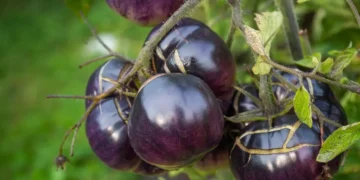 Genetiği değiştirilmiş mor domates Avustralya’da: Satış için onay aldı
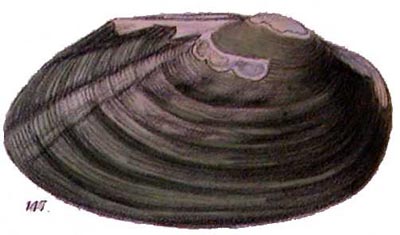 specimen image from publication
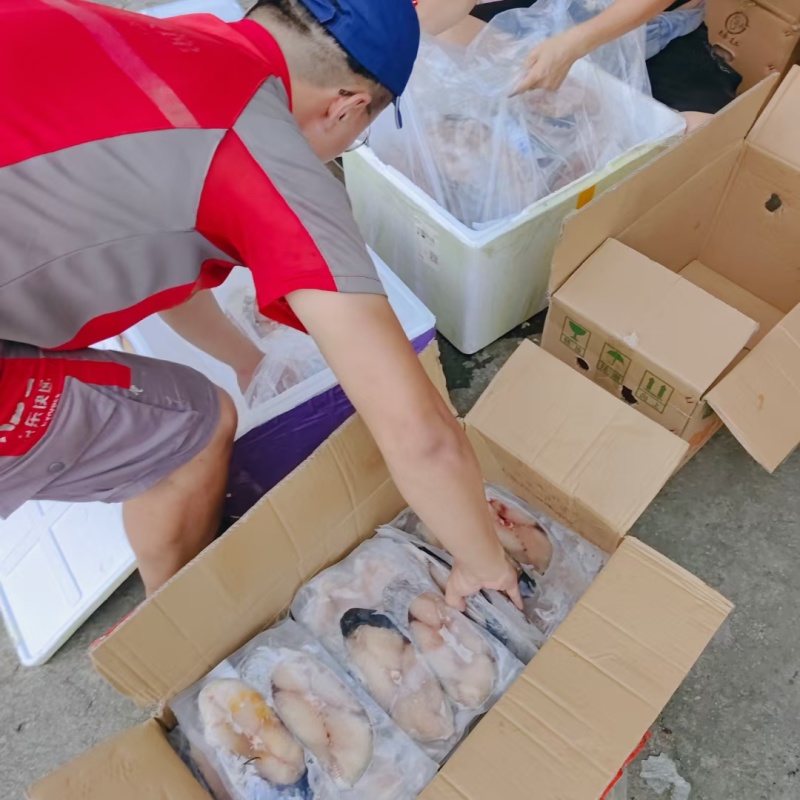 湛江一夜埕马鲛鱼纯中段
^^^^^^^^^^^^^^^^
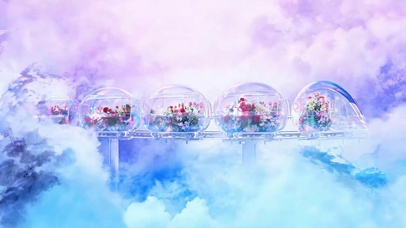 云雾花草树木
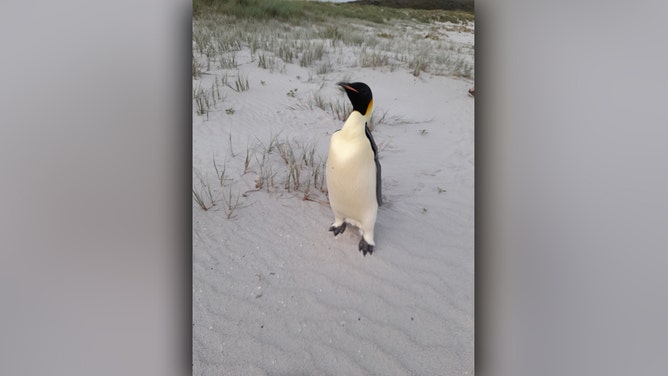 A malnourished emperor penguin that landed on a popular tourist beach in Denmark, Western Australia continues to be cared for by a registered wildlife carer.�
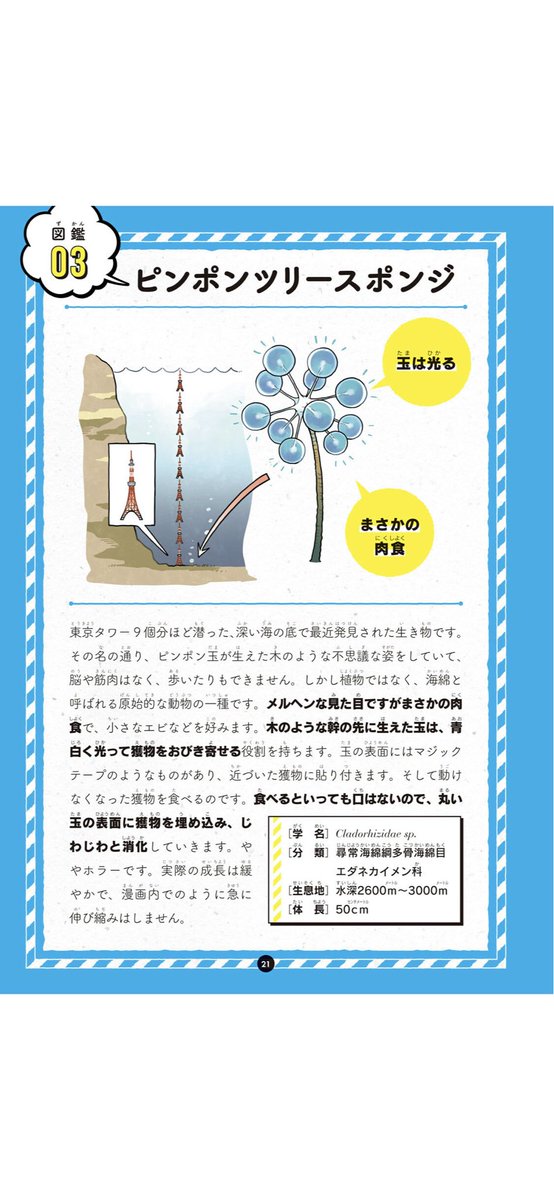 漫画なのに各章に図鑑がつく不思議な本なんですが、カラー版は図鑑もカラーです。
^^^^^^^^^^^^^^^^
How to complete this task
Look above for the line containing "Genetiği değiştirilmiş mor", then write out every line from there down to the line containing "湛江一夜埕马鲛鱼纯中段", that line included, with no pictures.

Problem solution
 Genetiği değiştirilmiş mor domates Avustralya’da: Satış için onay aldı
 specimen image from publication
 湛江一夜埕马鲛鱼纯中段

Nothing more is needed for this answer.